• [Exercise] What lines in the records below hold the string "Picture"? Please show them.
(Beginning of Given entries)
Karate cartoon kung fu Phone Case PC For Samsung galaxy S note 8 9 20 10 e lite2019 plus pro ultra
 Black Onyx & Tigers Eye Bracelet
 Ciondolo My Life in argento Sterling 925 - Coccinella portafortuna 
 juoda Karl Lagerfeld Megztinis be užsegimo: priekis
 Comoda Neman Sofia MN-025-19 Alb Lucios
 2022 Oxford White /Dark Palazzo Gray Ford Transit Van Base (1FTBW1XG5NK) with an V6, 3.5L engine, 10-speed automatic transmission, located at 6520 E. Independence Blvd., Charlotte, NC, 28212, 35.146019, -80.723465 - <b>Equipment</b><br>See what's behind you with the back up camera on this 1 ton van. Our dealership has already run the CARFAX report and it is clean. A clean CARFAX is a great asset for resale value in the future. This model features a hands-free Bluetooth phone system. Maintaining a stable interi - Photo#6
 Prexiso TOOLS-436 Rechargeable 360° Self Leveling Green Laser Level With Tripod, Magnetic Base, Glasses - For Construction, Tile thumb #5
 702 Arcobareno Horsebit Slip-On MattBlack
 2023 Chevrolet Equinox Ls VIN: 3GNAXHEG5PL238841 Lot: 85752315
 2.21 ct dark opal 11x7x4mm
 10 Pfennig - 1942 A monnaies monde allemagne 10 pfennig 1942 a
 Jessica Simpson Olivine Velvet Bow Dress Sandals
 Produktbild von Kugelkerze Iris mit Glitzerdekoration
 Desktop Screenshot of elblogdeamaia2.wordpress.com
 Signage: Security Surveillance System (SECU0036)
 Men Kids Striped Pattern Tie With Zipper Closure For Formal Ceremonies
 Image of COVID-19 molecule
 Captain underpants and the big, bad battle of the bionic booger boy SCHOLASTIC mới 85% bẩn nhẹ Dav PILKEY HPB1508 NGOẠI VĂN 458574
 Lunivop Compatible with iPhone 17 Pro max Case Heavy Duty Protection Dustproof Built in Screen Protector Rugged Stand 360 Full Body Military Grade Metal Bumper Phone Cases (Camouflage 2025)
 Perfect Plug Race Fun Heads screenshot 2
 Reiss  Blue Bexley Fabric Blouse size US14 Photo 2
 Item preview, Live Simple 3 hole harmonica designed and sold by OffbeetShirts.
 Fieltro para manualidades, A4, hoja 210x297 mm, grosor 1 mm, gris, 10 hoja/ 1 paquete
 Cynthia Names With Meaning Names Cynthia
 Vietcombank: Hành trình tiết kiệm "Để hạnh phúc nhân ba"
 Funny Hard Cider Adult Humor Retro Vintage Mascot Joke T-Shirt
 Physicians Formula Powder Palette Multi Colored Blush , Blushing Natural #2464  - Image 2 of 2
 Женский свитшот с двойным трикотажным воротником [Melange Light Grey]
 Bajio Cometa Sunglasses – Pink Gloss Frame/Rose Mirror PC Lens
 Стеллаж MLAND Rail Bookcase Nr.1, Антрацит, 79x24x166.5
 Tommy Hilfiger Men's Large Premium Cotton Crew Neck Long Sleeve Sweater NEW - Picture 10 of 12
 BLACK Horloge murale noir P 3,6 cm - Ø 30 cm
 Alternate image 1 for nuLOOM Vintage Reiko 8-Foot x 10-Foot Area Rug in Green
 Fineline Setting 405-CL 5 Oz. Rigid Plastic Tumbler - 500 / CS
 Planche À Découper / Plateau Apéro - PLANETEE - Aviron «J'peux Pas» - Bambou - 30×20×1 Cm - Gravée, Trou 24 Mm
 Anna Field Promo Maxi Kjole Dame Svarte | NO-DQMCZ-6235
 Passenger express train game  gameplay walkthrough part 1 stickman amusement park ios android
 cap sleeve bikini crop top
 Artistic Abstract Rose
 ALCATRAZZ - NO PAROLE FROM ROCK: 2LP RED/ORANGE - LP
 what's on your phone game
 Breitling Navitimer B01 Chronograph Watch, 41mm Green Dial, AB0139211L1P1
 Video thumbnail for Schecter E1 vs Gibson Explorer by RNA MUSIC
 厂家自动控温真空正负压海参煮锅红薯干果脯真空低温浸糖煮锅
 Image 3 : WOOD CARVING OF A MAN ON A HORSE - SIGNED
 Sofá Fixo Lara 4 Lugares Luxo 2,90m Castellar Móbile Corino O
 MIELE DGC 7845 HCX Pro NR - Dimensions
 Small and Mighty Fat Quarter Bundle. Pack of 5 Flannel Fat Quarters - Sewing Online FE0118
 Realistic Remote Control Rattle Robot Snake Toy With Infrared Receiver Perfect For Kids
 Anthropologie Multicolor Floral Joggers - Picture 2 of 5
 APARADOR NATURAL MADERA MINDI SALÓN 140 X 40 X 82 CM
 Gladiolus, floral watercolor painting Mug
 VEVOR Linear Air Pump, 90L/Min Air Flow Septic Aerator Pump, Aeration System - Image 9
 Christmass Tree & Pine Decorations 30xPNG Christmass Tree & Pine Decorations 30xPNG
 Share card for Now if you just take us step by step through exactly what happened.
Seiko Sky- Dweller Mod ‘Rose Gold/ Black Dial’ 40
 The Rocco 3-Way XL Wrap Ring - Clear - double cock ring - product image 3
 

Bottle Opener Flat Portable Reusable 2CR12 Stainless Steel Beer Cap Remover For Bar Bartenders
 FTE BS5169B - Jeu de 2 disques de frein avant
(End of Given entries)
• [Response box]
 Tommy Hilfiger Men's Large Premium Cotton Crew Neck Long Sleeve Sweater NEW - Picture 10 of 12
 Anthropologie Multicolor Floral Joggers - Picture 2 of 5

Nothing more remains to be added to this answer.